(Supplied material)
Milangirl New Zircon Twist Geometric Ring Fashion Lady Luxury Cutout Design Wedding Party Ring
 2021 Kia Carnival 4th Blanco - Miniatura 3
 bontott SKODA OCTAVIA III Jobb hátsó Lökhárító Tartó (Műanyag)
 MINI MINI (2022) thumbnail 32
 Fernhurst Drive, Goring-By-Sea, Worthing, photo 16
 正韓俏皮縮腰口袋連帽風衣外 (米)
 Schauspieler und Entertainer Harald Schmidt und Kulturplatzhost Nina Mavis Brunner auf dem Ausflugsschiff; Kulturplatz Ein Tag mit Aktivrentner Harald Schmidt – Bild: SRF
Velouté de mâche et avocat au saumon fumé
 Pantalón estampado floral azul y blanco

(Work required) In full and without alteration, repeat the records.

(Exercise answer)
Milangirl New Zircon Twist Geometric Ring Fashion Lady Luxury Cutout Design Wedding Party Ring
 2021 Kia Carnival 4th Blanco - Miniatura 3
 bontott SKODA OCTAVIA III Jobb hátsó Lökhárító Tartó (Műanyag)
 MINI MINI (2022) thumbnail 32
 Fernhurst Drive, Goring-By-Sea, Worthing, photo 16
 正韓俏皮縮腰口袋連帽風衣外 (米)
 Schauspieler und Entertainer Harald Schmidt und Kulturplatzhost Nina Mavis Brunner auf dem Ausflugsschiff; Kulturplatz Ein Tag mit Aktivrentner Harald Schmidt – Bild: SRF
Velouté de mâche et avocat au saumon fumé
 Pantalón estampado floral azul y blanco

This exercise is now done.